Esta tercera campaña, cada año hay una sorpresa, ha permitido descubrir una mezquita rural, un lugar de culto para la gente común de este asentamiento y, posiblemente de otros asentamientos cercanos. Ni tan siquiera esta mezquita es un lugar monumental, pero es singular, en Andalucía se conservan pocas mezquitas de este tipo. La mezquita ha terminado completando la fotografía social de este paraje hace diez siglos y se suma a los silos, las viviendas o la necrópolis descubiertos en campañas anteriores.

El yacimiento tiene programadas durante este mes de septiembre dos visitas guiadas, la primera ya realizó este viernes 23 de septiembre, la próxima será el 30 de septiembre. El profano en la materia a penas ve en su visita unas hileras de piedras, pero las explicaciones de los arqueólogos le permiten descifrar lo que este enclave fue siglos atrás y hacer con sus explicaciones el alzado tridimensional de aquello que allí existió un día.

El Pago del Jarafí «supone poner en el mapa a Lanteira», comenta la concejala de Cultura, Nani Corral Baena. Para la concejala el simple hecho de la presencia de los voluntarios ya es un estímulo para el pueblo. Los voluntarios, en la mayoría estudiantes de diversas Universidades, van a ayudar a llevar el nombre de su localidad a sus lugares de procedencia o estudio: Jaén, Sevilla, Madrid o, incluso, Italia o Inglaterra.

El nombre de Lanteira también ha sonado gracias al trabajo de los arqueólogos en numerosas publicaciones científicas y en la prensa. En esta línea, Martín Civantos, asegura que los trabajos arqueológicos contribuyen a elevar la autoestima de la población, a un mejor conocimiento de su propia historia y a formar su propia identidad.

El pasado viernes, los voluntarios y los visitantes se mezclaban entre los restos arqueológicos y los almendros de la zona. Algunos de los visitantes eran repetidores de otras ocasiones anteriores. Antonio López, de Lanteira, mostraba su interés por estos restos y centraba su mirada, al hilo de las explicaciones de José María Martín Civantos, en tratar de descifrar la historia, la cultura o el aprovechamiento del agua que hicieron sus antepasados. Otros, como Lorena, de La Calahorra, se mostraba interesada por el destino de la población de estos lugares en tiempos de la repoblación. Fernando, de Alquife, se mostraba sorprendido por la historia que escondía un lugar que había visitado otras veces.

Otros de los visitantes estaban más familiarizados con los restos arqueológicos, como Álvaro Gómez, de Cartagena, y Gloria Hernández, de Albacete, ambos estudiantes del Máster de Arqueología. Para ellos, el conjunto arqueológico era una completa radiografía de aquella sociedad que se dibuja entre los restos de lugares relacionados con la agricultura, la artesanía, la explotación metalúrgica,...

Pasado y presente

Diez siglos después, Lanteira sigue siendo un lugar parecido. Los hombres y mujeres de hoy, como los de ayer, siguen buscando su subsistencia a través del aprovechamiento de los recursos de la zona. «Es muy importante que entendamos en el contexto actual de cambio global, como las sociedades del pasado se han ido adaptando al medio natural o lo han adaptado a sus propias estrategias o necesidades y han ido generando sistemas de explotación de los recursos que han demostrado ser resilientes», explica Martín Civantos. Esta es una de las enseñanzas de este lugar, aunque también tiene otras lecciones ocultas. Según el doctor Martín Civantos, el Pago del Jarafí nos habla de como se relacionaban con el medio, como se modificaban los paisajes o como se creaban los regadíos, que son una parte esencial de nuestros paisajes.
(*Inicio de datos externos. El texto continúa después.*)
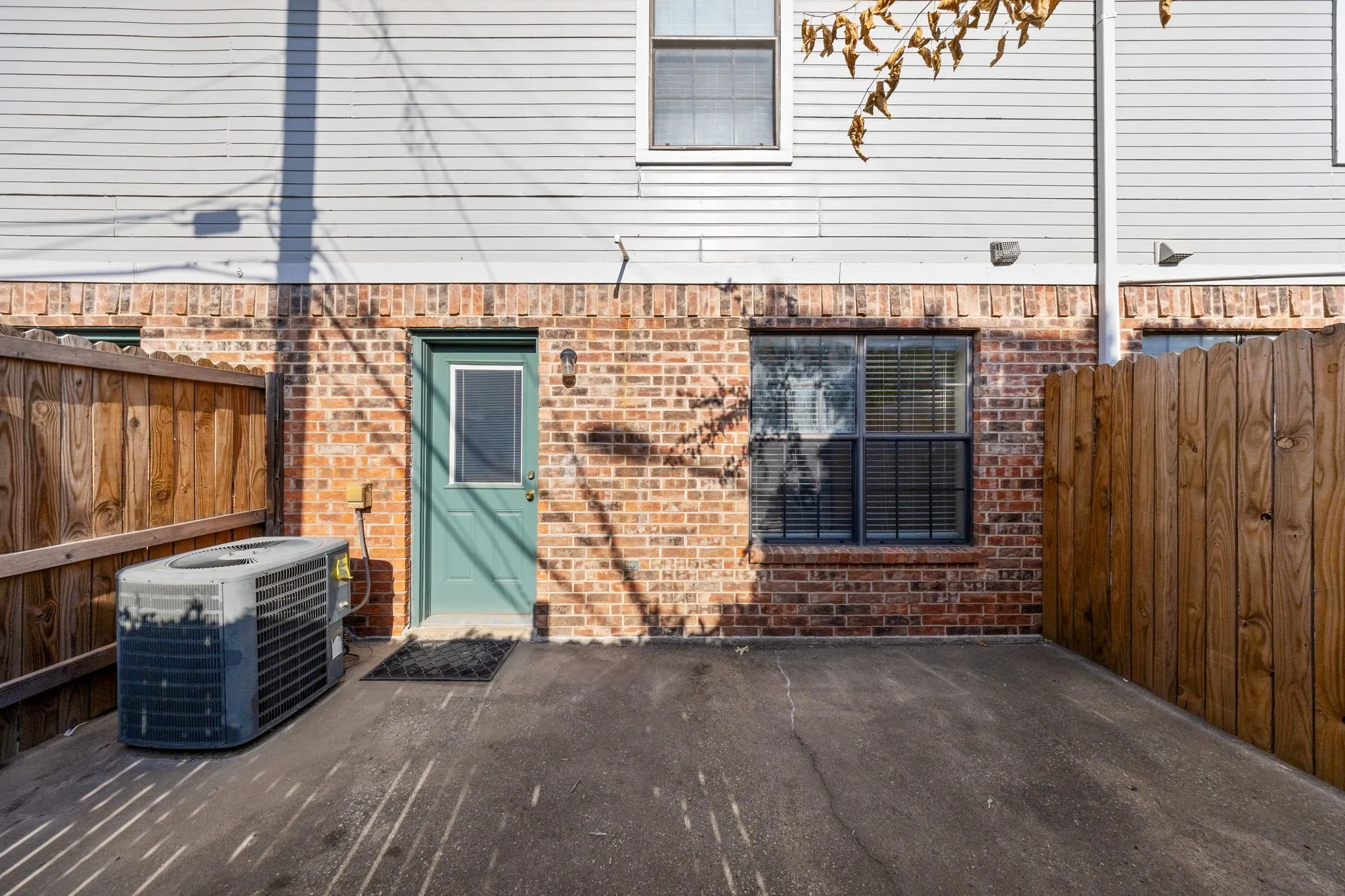 Townhouse For Rent in Denton County , 929 W Hickory Street A8, Denton, Texas 76201, 2 Bedroom, 3 Bathroom, Garage spaces, 1,047 Sqft, built in 1985, mls#21366322, Real Estate Agent in Denton, Homes For Rent in Denton county, Homes For Rent in Denton, Realtor in Denton Texas, Real Estate Brokerage Independent Realty Texas, Luminita Cordes Realtor
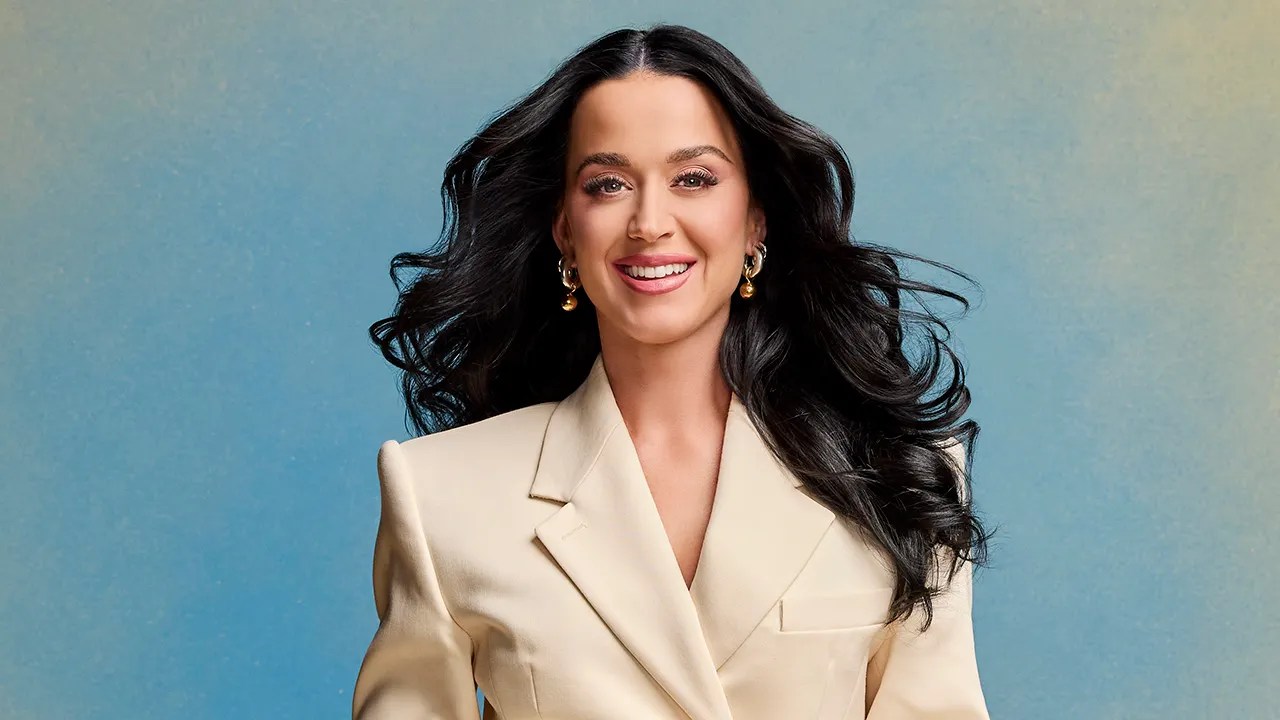 Katy Perry Biography, Age, Relationship, Family, Career, Net Worth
Las soluciones de entonces, pueden seguir siendo hoy válidas a pesar del paso de los siglos y el cambio de mentalidad. Aquí, quizá es donde se sitúe la mayor diferencia entre aquellos y nosotros, pues, asegura Martín Civantos, que cuando el Pago del Jarafí era un lugar habitado el interés común era prioritario, en la medida que aquellos habitantes de la Edad Media dependían de las sociedades colectivas para laprotección y el sustento; una lección más de este modesto núcleo rural del medievo.